Am 13. März 1991 gab es in der Galerie Eigen + Art, damals in der Fritz-Austel-Straße 31, heute Bornaische, eine Buchpremiere. Veranstaltet wurde sie von der Connewitzer Verlagsbuchhandlung, damals in der Fritz-Austel-Straße 37, drei Häuser weiter. Die Buchhandlung pflegte gute nachbarschaftliche Kontakte zur Galerie und mietete sich gelegentlich dort ein, vor allem, wenn viel Publikum erwartet wurde. An jenem Abend gab sich die Karl-Marx-Städter Lyrikerin Barbara Köhler die Ehre. Sie stellte ihren Erstling, den Gedichtband »Deutsches Roulette«, vor. Der war soeben in der Edition Suhrkamp erschienen. Ein kleines oranges Taschenbuch, das es in sich hatte.
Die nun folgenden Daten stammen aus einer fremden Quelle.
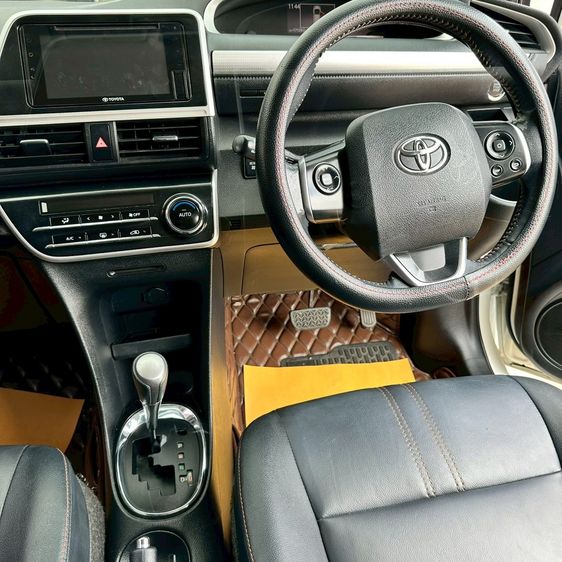 Toyota Sienta 2020 1.5 V Utility-car เบนซิน ไม่ติดแก๊ส เกียร์อัตโนมัติ ขาว รูปที่ 4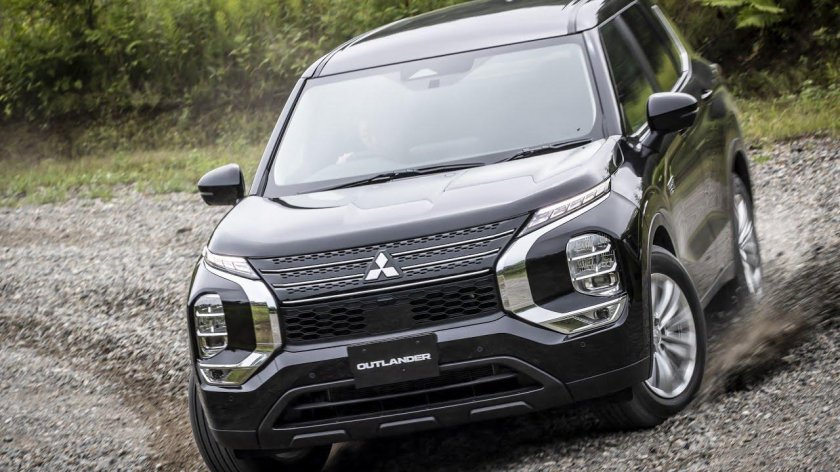 Митсубиси Аутлендер 2023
Barbara Köhler hatte da gerade ihr Studium am Literaturinstitut, damals noch unter dem Patronat Johannes R. Bechers, beendet. Das Publikum kam nicht in Massen, aber die Galerie war gut gefüllt. Köhler hatte in Leipzig durch ihr Studium einen eigenen Freundeskreis, Bekannte aus Chemnitz stießen hinzu, das übliche kulturinteressierte Volk aus Connewitz. Bei einer unbekannten Lyrikerin war und ist das Interesse natürlich auf einen kleineren Kreis begrenzt. Aber es wurde ein anregender Abend. Ins Gästebuch schrieb sie: »Kommt gut übern Markt, bin seit Neuestem auf demselben.«
Ein paar Jahre später zog sie nach Duisburg, weg aus der Chemnitzer Tristesse, die Anfang der 90er mit den Händen zu greifen war. Dabei ähneln sich die Städte ja durchaus. Proletarisch, intensiv, aber den Zenit ihrer Entwicklung fühlbar überschritten. Zumindest bis auf Weiteres. Dennoch erlebte man den Strukturwandel im Ruhrgebiet anders als in der gerade untergegangenen DDR, die ökonomisch einer Schocktherapie unterzogen wurde.
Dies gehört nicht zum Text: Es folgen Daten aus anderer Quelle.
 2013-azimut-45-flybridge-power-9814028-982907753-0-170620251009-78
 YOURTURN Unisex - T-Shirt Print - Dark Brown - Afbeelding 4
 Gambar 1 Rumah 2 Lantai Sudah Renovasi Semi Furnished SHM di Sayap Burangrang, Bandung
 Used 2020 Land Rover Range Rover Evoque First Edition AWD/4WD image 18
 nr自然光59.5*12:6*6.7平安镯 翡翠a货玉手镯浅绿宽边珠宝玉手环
Im ersten Gedicht ihres zweiten Albums heißt es:
Ich übe das Alleinsein, und ich denke, ich habe es darin schon ziemlichweit gebracht. Ich rede mit der Sprache, manchmal antwortet sie.Manchmal antwortet auch jemand anders. Ich rechne nicht mehr damit,verstanden zu werden. Mathematik ist nicht mein Fach.
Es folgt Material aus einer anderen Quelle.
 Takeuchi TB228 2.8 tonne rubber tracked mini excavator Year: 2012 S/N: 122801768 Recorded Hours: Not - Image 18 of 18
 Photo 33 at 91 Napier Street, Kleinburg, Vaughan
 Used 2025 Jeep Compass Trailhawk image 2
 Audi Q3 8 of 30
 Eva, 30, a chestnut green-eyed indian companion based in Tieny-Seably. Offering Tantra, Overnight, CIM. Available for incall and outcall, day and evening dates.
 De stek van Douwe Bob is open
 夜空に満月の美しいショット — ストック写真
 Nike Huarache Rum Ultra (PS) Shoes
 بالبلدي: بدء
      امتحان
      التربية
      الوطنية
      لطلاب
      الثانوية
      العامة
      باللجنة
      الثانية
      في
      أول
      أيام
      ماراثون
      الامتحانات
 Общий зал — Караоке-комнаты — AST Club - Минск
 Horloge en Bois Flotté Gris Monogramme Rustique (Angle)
Was auch Anfang 2021 sehr zeitgemäß klingt, erschien 1995 - auch noch bei Suhrkamp, schon schmuck in Leinen gebunden. Bereits in diesem zweiten Band bildet sich die Erfahrung des Zeitenbruchs 1989 ab. Auch feministische Themen begleiten ihr Werk von Anfang an. Ihr Blick war glasklar und traf in ihrer Sprache exakt.
Ich jedenfalls verlor sie dann aus den Augen, man sah sich noch ein paarmal auf den Fluren der Frankfurter Buchmesse, oder war es die Leipziger? Kurze Gespräche zur Lage im Allgemeinen und zur Lyrik im Besonderen. »Machst Du noch den kreuzer?« war immer ihre erste Frage. Und immer wieder ihr Erstaunen darüber, dass es den kreuzer noch gebe und wie schön das doch sei.
Am 8. Januar verstarb Barbara Köhler viel zu früh mit nur 61 Jahren.